Pasar yang memprediksi The Fed akan mempertahankan suku bunganya karena perekonomian Negeri Paman Sam mulai mengalami perlambatan.
Sejumlah data-data terbaru AS memang menunjukkan jika ekonomi AS melambat.
Indeks PMI non-manufaktur AS atau sektor jasa melandai ke 50,4 pada Mei 2023, dari 51,9 pada April. Indeks juga berada di posisi terendahnya dalam lima bulan terakhir.
PMI manufaktur AS juga jeblok ke 48,4 pada Mei, dari 50,2 pada April. Dengan PMI ada di angka 48,4 maka aktivitas manufaktur AS kini sedang tidak dalam fase ekspansif.
Jumlah pegawai AS yang mengajukan klaim pengangguran bertambah 261.000 pada pekan yang berakhir pada 3 Juni 2023. Jumlah tersebut merupakan yang tertinggi sejak Oktober 2021.
Sebelum pengumuman The Fed, pasar juga akan menunggu data inflasi AS yang akan keluar pada Selasa (13/6/2023).
Konsensus pasar dalamTrading Economics memperkirakan inflasi Negeri Paman Sam pada bulan lalu akan kembali turun menjadi 4,1% secara tahunan (year-on-year/yoy), dari sebelumnya pada April lalu sebesar 4,9%.
Sedangkan secara bulanan (month-to-month/mtm), inflasi AS diprediksi juga menurun menjadi 0,2%, dari sebelumnya pada April lalu sebesar 0,4%.
Rabu pekan ini, AS juga akan merilis data indeks harga produsen (IPP). Baik data inflasi AS dan IPP akan menjadi pertimbangan The Fed dalam menentukan suku bunga.
Selain The Fed, bank sentral Jepang (BoJ) dan bank sentral Eropa (ECB) juga akan menggelar rapat pada pekan ini.
ECB akan menggelar rapat pada Kamis pekan ini sementara BoJ pada Jumat pekan ini.

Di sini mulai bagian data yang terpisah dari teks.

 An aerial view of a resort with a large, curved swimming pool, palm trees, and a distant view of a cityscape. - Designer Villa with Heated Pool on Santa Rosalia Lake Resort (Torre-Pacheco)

Ekonomi Eropa secara teknikal mengalami resesi setelah terkontraksi 0,1% (quarter-to-quarter/qtq) pada kuarta I-2023. Pelemahan ini melanjutkan kontraksi 0,1% pada kuartal sebelumnya,
Namun, karena inflasi Eropa dinilai masih tinggi, maka pasar masih memperkirakan ECB masih akan menaikkan suku bunga acuannya pada pertemuan yang dilaksanakan pekan depan.
Konsensus pasar dalamTrading Economicsmemperkirakan ECB akan kembali menaikkan suku bunga acuannya sebesar 25 basis poin menjadi 4% pada pertemuan pekan depan.
Sebagai catatan, ECB telah mengerek suku bunga sebesar 425 bp menjadi 3,75%.Sebaliknya, BoJ diperkirakan masih akan mempertahankan suku bunga ultra rendahnya pada pekan ini.